Comfort Food
- First edition cover
- Author: Noah Ashenhurst
- Language: English
- Genre: Novel
- Publisher: Old Meadow Publishers
- Publication date: 25 November 2005
- Publication place: United States
- Media type: Print (paperback)
- Pages: 255 pp (first edition, paperback)
- ISBN: 0-9769735-0-2 (First edition, paperback)
- OCLC: 62522380

= Comfort Food (novel) =

2005 novel by Noah Ashenhurst

Comfort Food: A Novel by Noah Ashenhurst contains a cast of characters: a romantic academic, a self-assured young writer, an enigmatic musician, a slacker, a wealthy mountaineer, and a former heroin addict—characters whose lives intersect in the unique, award-winning debut novel.

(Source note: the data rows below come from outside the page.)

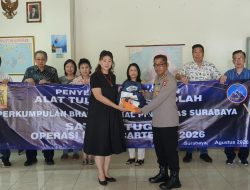 Satgas Operasi Damai Cartenz Terima 2.500 Paket Tas dan Alat Tulis untuk Anak-anak Papua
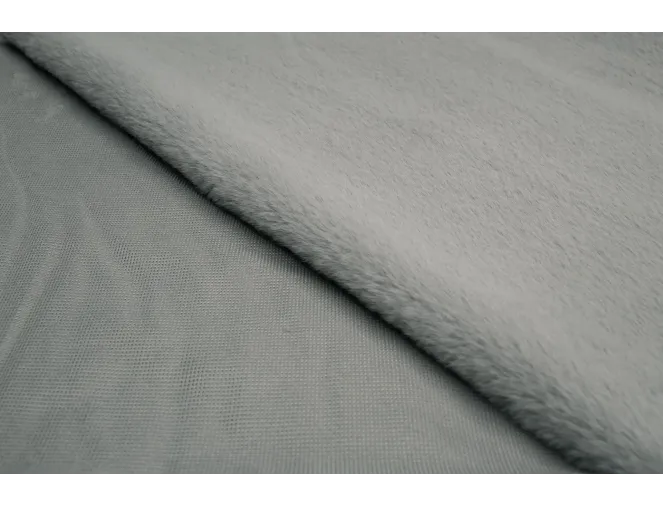 Faux Fur, Gray pigiau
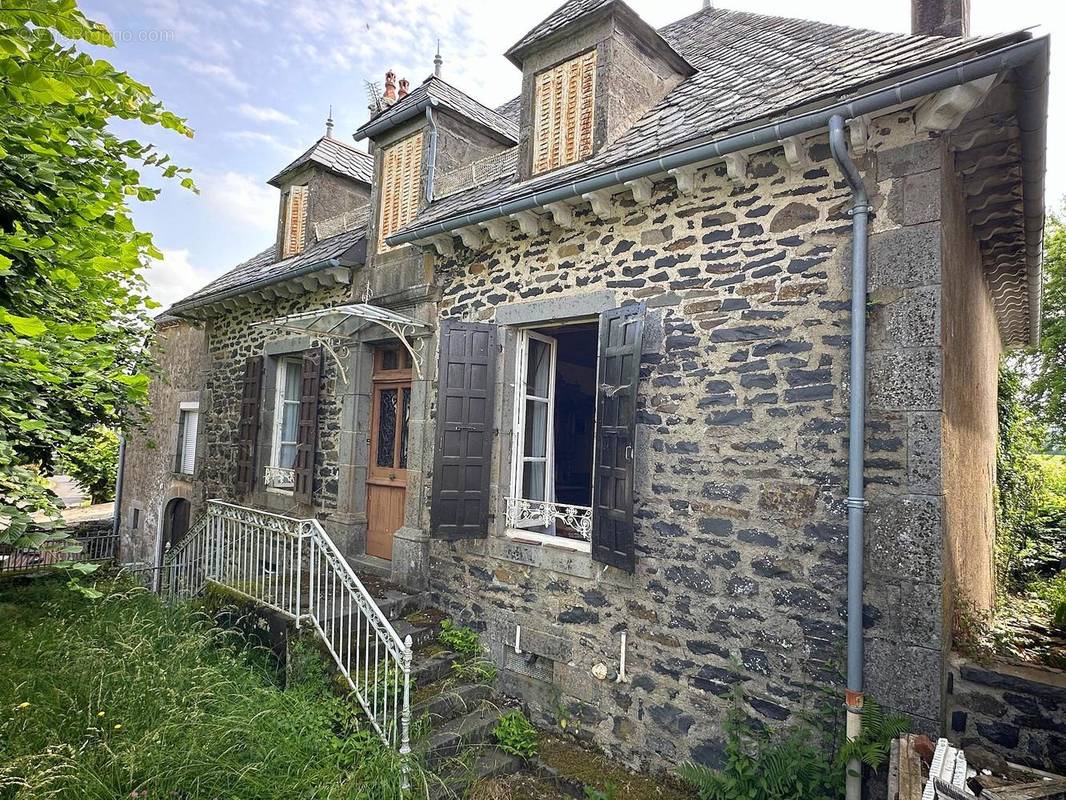 Maison à SAINT-BONNET-DE-SALERS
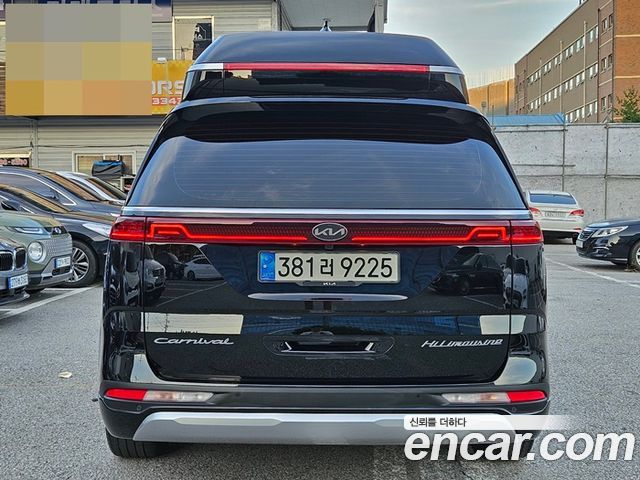 Kia Carnival Gasoline 4-Seater Hi-Limousine (Special) — пробег 74 917 км — фото 4 из 5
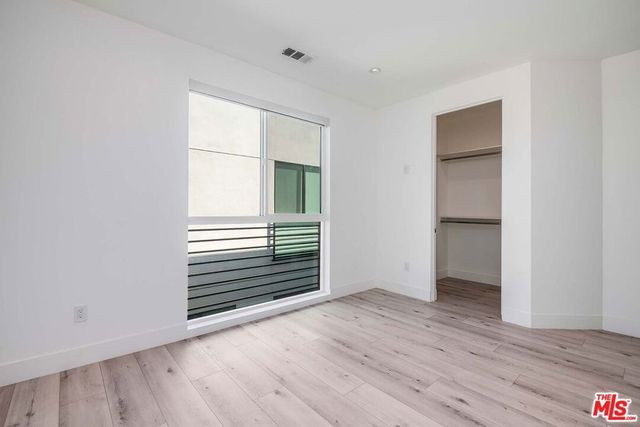 15330 Weddington Street, Sherman Oaks, CA 91411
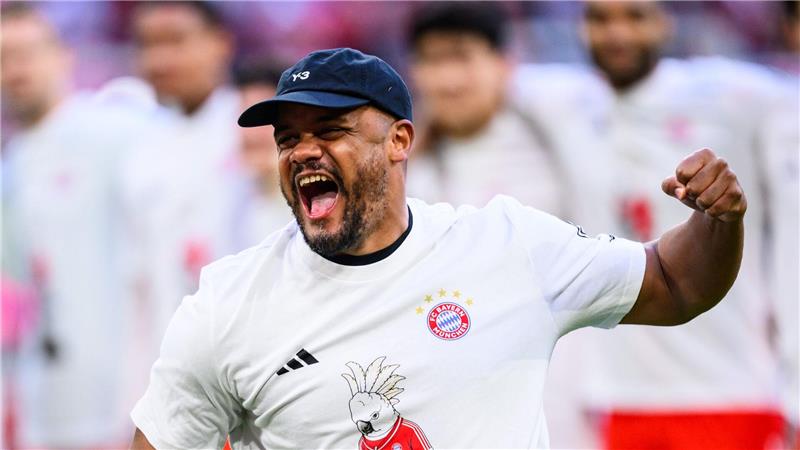 Vincent Kompany jubelt ausgelassen über den Gewinn der Meisterschaft. (Archivbild)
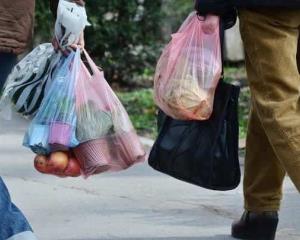 Negocios de Xalapa dejarán en un año las bolsas de plástico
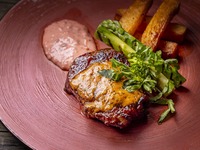 Lunch course consisting of a choice of main dish and dessert+All you can drink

It was first published in November 2005.

==Plot introduction==
Stan Gillman-Reinhart is a graduate student at a small university in Bellingham, Washington in 1993. Through his experiences and frustrations we meet Delany Richardson, a budding writer and old friend of Stan's; John Snyder, a local musician; Brian Fetzler, Stan's stoner roommate; Dave Greibing, a mountaineer and Delany's ex-boyfriend; and Bridgette Jonsen, a former heroin addict and Dave's current girlfriend.

Successive sections of the novel focus on John's earlier trip through Eastern Europe, Delany's previous summer in Alaska, Brian's life after college, Bridgette's earlier road trip through Utah, Dave's ascent of Denali, and a tragic accident that illuminates their lives.

Set in the verdant Pacific Northwest, the sandstone deserts of Utah, the gritty streets of Budapest, and the snow-covered wasteland of Denali, Comfort Food is a literary work with an emphasis on the importance of human relationships and a sense of place.

==Major themes==
The major themes include: The inescapability of death, the difficulties of growing up and asserting one's individuality, the interconnectedness and power of relationships, addictions as a means to deal with the discomforts of being human, the power and impact of decisions in a morally bankrupt society, and the influence of place (especially in the American West).

==Awards and nominations==
Comfort Food: A Novel won the 2006 Independent Publisher Book Award for Best Regional Fiction (West-Pacific).